For many years a false duality has existed that pits “Cloud” and “Decentralization” at odds with each other, with each definition often being defined as not being the other. This dualistic presentation fails to meet even the most primitive user needs, but the most vexxing aspect of this presentation in terms of engineering is the fact that decentralized protocols are great for building fully distributed cloud services.

At DAG House, we build internet scale implementations of decentralized protocols and offer that infrastructure to the developers and users of all applications.

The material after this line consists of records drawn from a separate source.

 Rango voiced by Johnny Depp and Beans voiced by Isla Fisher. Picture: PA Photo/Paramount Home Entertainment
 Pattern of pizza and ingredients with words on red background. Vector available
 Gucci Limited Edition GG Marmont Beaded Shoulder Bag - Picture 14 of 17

This is accomplished through the use of several inter-related decentralized protocols covered in detail throughout this document, but the most important to recognize early on are the protocols that provide some kind of decentralized address.

Guide to Good Protocols

DAG House began in Protocol Labs where many of the core protocols we rely on were developed. As such, we’ve adopted many best practices from PL culture in regard to protocol development.

Future Proofing

Something that separates protocols that use hash addressing from other types of protocols, like those used in messaging and networking, is the need to support prior protocol version indefinitely. Once the data is hashed and linked to in the network, you are stuck supporting it in some way forever.

It pays huge dividends to include measures of future proofing early. Something as simple as reserving a single number or byte for signaling version can make your future self a very happy person.

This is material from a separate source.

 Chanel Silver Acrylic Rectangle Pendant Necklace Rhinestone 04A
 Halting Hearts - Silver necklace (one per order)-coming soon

It’s always good to make protocols simple, but part of simplicity is also extensibility. Leaving room for extending the protocol means you don’t have to bloat the core protocol to cover every use case.

Self-Description

This is a specific instance of future proofing that is worth calling out in detail all by itself.

The basic principal is, whenever I look at data encoded into “this protocol” the first thing it should describe is “this protocol.” It sounds simple, but the vast majority of protocols that exist today do not follow this principal. Many protocols exist inside of some existing container and the context that signals which protocol is being used is in the container rather than inside each protocol message.

It may not sound like a big deal, but part of thinking in decentralized systems is dealing with data outside the originating “container” which is often a centralized or trusted actor. Protocols that rely upon existing context or signal are less portable and less upgradable.